Superdense_EN.md

Superdense Coding

Superdense Coding, invented by Bennett & Wiesner in 1992, is a quantum communication protocol that uses a single quantum bit to transmit two-bit classical information, which cannot be achieved by classical information technology. Suppose we have two users, Alice and Bob, and they want to use Superdense Coding to transmit information between each other. First, they need to prepare an entangled Bell state $|\Phi^+ \rangle = (|0\rangle_A \otimes|0\rangle_B + |1\rangle_A \otimes|1\rangle_B)/\sqrt{2}$ with the following quantum circuit:

One can easily prepare a Bell state by applying this circuit on initial $|0\rangle_A \otimes|0\rangle_B$ state. Assume Alice has taken the upper qubit $q_0$ while Bob has taken the lower qubit $q_1$. Bob is told that he will receive Alice's qubit soon, which would essentially encode the 2-bit classical information, from one of the messages {$00,01,10,11$}. Suppose that Alice wants to transmit $00$ to Bob, so she sends her qubit to Bob. Bob, after receiving the qubit from Alice, runs the following circuit on the Bell-pair:

Then he measured the whole system. Guess what he gets! He gets the $00$ message! That is exactly what Alice wants to send. Ok, what if Alice wants to transmit $01$ instead? All she needs to do is to implement an $Z$ gate in her qubit before mailing it to Bob. Bob will take exactly the same procedure after he received Alice's qubit. This time, he will get a $01$ instead. The flowing picture shows the whole process.

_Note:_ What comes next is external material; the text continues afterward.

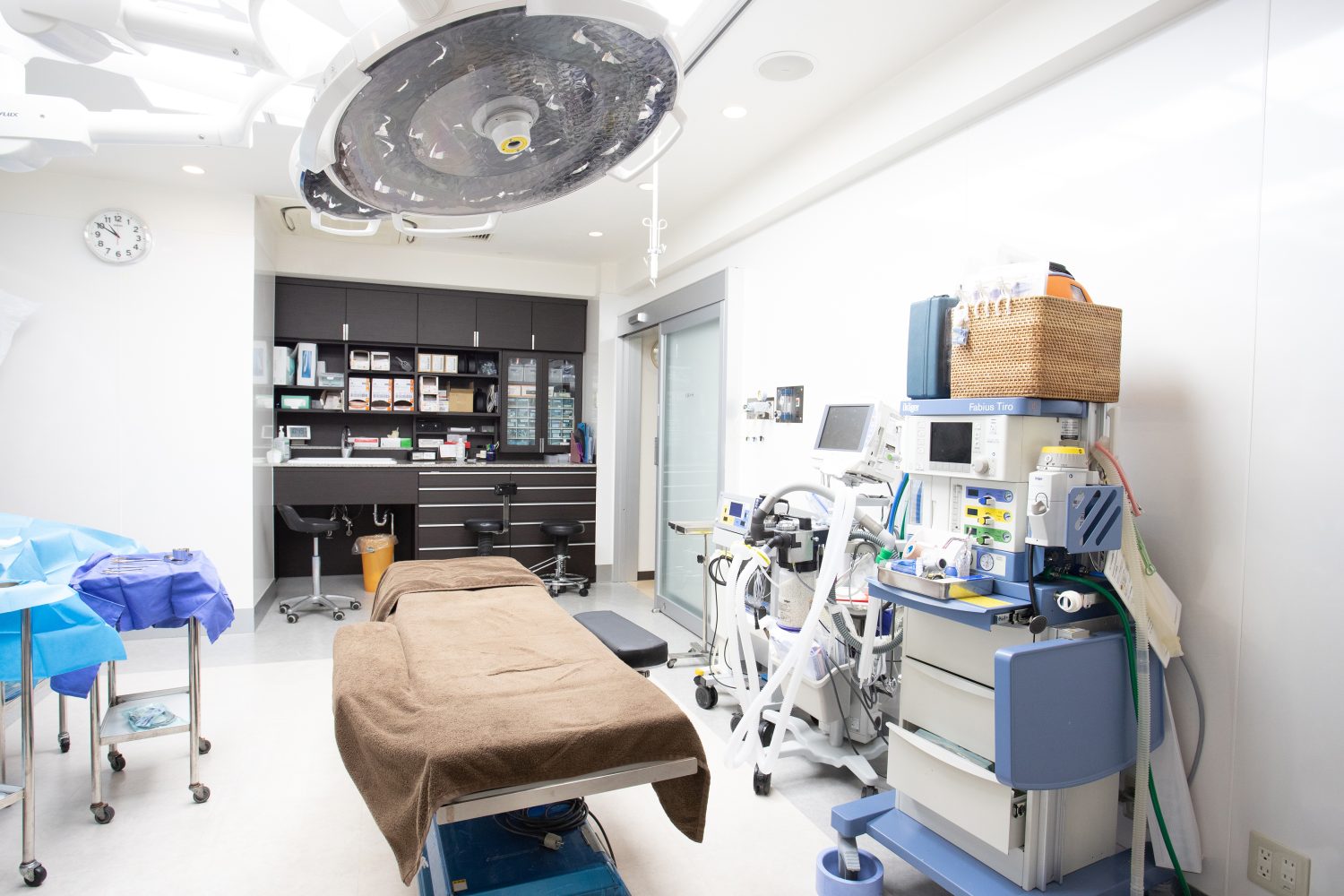 酒井形成外科photo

If Alice wants to send $10$, she runs a $X$ gate in her qubit before mailing it to Bob; if $11$, she runs a $Z$ gate and $X$ gate on her qubit. The process of sending $10$ and $11$ are shown in the two following pictures:

Above is the main idea of superdense coding. Now let's implement this protocol using QCompute.

import sys
sys.path.append('../../..')  # "from QCompute import *" requires this
from QCompute import *

matchSdkVersion('Python 3.3.3')

# Set the shot number for each quest
shots = 1024

# The message that Alice want to send to Bob.
# The user you can modify the massage to '00', '01' or '10' as you like
message = '11'


def main():
    """
    main
    """
    # Create environment
    env = QEnv()
    # Choose backend Baidu Local Quantum Simulator-Sim2
    env.backend(BackendName.LocalBaiduSim2)
    
    # Initialize the two-qubit circuit
    q = env.Q.createList(2)
    
    # Alice and Bob share a Bell state (|00>+|11>) / sqrt(2),
    # where Alice holds q[0] and Bob holds q[1]
    H(q[0])
    CX(q[0], q[1])

    # For different messages, Alice applies different gates on q[0],
    # where she applies nothing to indicate the message '00'
    if message == '01':
        Z(q[0])
    elif message == '10':
        X(q[0])
    elif message == '11':
        # Here ZX = iY
        Z(q[0])
        X(q[0])
    
    # Alice sends her qubit q[0] to Bob,
    # and then Bob decodes the two qubits.
    # Bob needs to measure the two qubits with Bell basis,
    # or transforms the state to computational basis
    # and measures it with the computational basis
    CX(q[0], q[1])
    H(q[0])
    
    # Measure with the computational basis
    MeasureZ(*env.Q.toListPair())
    # Commit the quest
    taskResult = env.commit(shots, fetchMeasure=True)
    print(taskResult['counts'])


if __name__ == '__main__':
    main()

Here is the measurement result:

{'11': 1024}

Note: You may change the message to '01', '10', or '00' as you wish.

---

Reference

1. Bennett, C.; Wiesner, S. (1992). "Communication via one- and two-particle operators on Einstein-Podolsky-Rosen states". Physical Review Letters. 69 (20): 2881–2884.